* _EXERCISE DATA_:
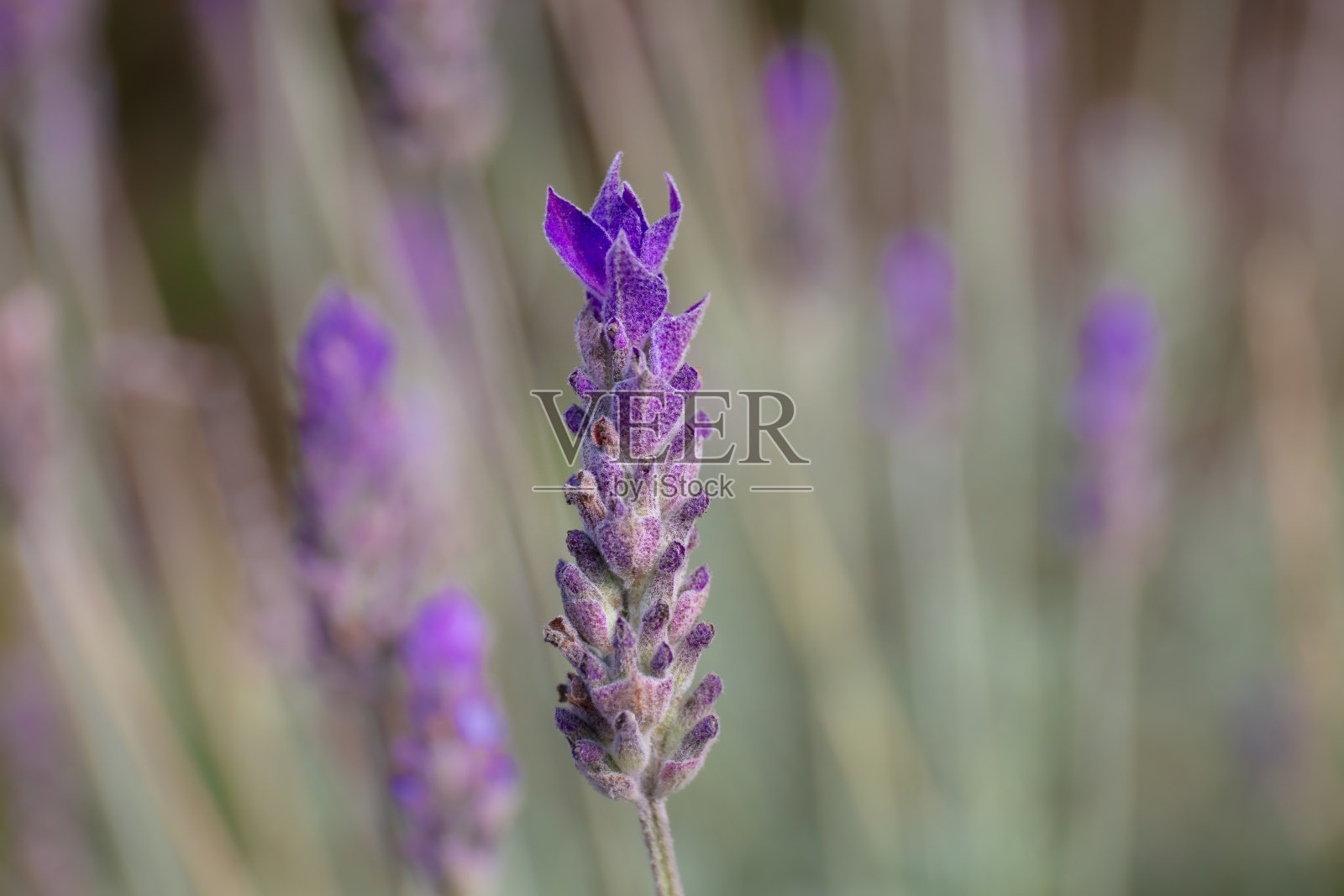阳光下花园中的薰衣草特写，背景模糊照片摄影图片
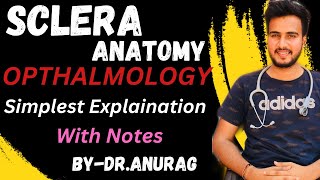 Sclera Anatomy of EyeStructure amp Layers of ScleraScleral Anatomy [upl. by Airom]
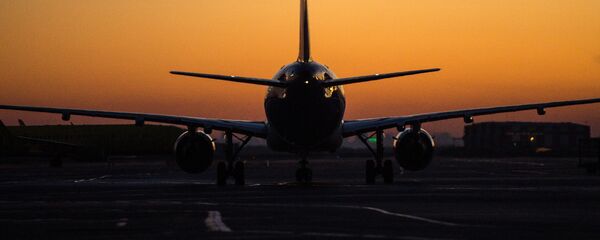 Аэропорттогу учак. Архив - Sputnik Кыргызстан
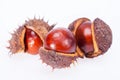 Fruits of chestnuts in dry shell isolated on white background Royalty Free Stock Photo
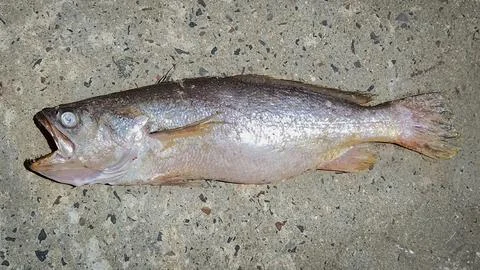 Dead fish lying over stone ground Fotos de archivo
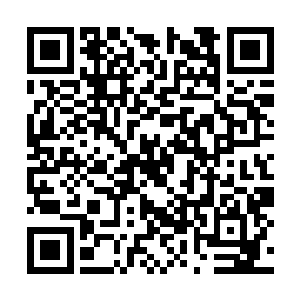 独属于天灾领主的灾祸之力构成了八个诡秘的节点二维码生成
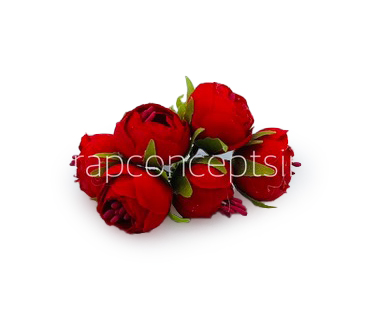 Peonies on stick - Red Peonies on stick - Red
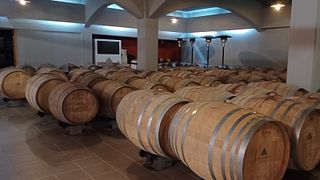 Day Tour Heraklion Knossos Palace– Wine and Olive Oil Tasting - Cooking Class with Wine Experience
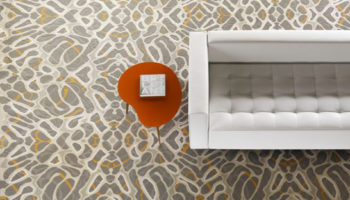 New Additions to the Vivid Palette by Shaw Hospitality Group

* _TASK REQUIREMENTS_:
Only the lines from the one with "Dead fish lying" through the end of the listing should be transcribed, exactly and without pictures.

* _FINISHED TASK_:
 Dead fish lying over stone ground Fotos de archivo
 独属于天灾领主的灾祸之力构成了八个诡秘的节点二维码生成
 Peonies on stick - Red Peonies on stick - Red
 Day Tour Heraklion Knossos Palace– Wine and Olive Oil Tasting - Cooking Class with Wine Experience
 New Additions to the Vivid Palette by Shaw Hospitality Group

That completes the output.